An Entrepreneur with a vision gets some venture capitalists to invest in a new type of sub-1000 ton ship. Minimum cargo space with maximum passenger conveniences - luxurious cabins with incredible common lounge facilities.
The fledgling new company builds 5 prototypes - #2 incorporating changes that the testing of #1 made evident, #3 incorporating changes from #2, etc. The design began the rigorous safety and product testing, with 96 of the 104 tests completed successfully.
Then disaster strikes: The CEO steps down and the investors start pulling out. Several advance orders are cancelled and the company begins a spiral plummet down the financial black hole. The new Corporate Board convinces some marginal banks in less-than-solid financial institutions for new funding, but Test Series #102 showed a problem with the compatibility of the new design with existing starport facilities. It becomes a Technological White Elephant - technically elegant but a financial disaster. No one wants anything to do with it.
The assets are sold off - including the 5 prototypes - for a fraction of what it would have sold for on the open market. Due to the volatile history of the design, none of the major lines want anything to do with the prototypes.
- The PCs somehow acquire one of these prototypes. The ship itself is a technological marvel: massive cabins, Five-Star entertaining facilities, a Noble's ultimate dream yacht. Before they can put it into service, they need to pass the last 3 or 4 Safety Certifications and then they will be able to legally carry passengers. They need to secure cash - no financial institute would go down the path of destruction these 5 ships have blazed. Then they need a good crew - a top Chief Engineer who is willing to take an unproven design that used unproven technology that was above State of the Art 3 years ago, and a ship that has no defined service program, and keep it flying; a Top Pilot that can keep her plowing the lines between the stars; and some excellent Stewarts who know how to get Top Name entertainers, the best food (at an affordable cost), and know how to serve and wine and dine everyone from Commoners to Nobility.
- The PCs acquire the contents of a storage facility - either as payment-in-lieu of cash or as a gambling debt settlement. They figure out the address is for an orbital warehouse and discover that it contains a ship in mothballs. They may or may not have heard of the problems of this particular Prototype (it may be a news story local to this particular solar system or sub-sector). The ship has no registration marking, ID transponders - nothing. How deeply entwined do they get before someone comments on 'how well they've pulled off The White Elephant'.
- Each prototype is slightly different to each other - with changes and improvements made as trial tests were carried out.
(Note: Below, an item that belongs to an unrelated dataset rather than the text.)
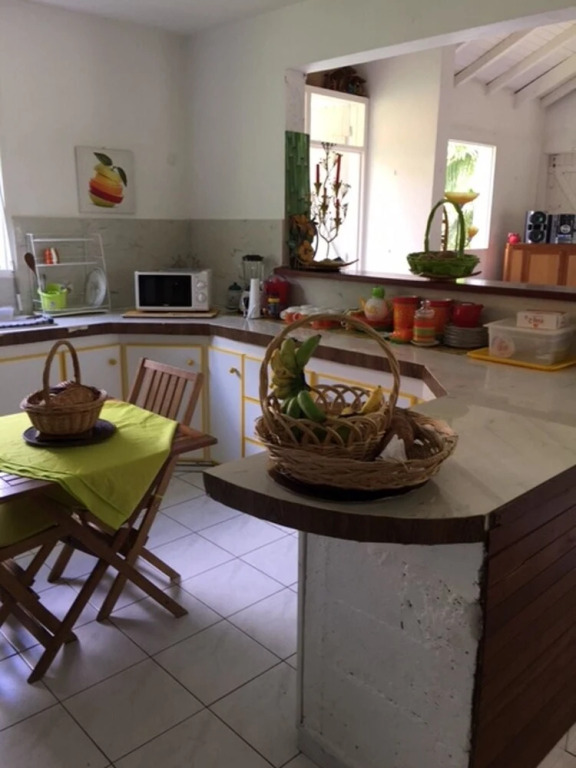 Villa With 4 Bedrooms In Le Gosier, With Furnished Garden And Wifi - 6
Some prototypes may have damage from these trials - damage that hasn't been properly documented or repaired. How many Jumps before the structural stress of the hull begins showing microscopic fractures? Or maybe the Jump Drives have been programmed to automatically shut down after 'X' amount of hours and automatically run a diagnostic which lasts for 72 hours?
- Spare parts could be a problem as well. A good Engineer could adapt some off-the-shelf parts, but some components are truly unique. They may need to be manufactured specifically for the ship. Maybe an adventure could be the players hunting down who bought the component manufacturing facility and then either buy a supply of parts, or try to buy the plant facility itself.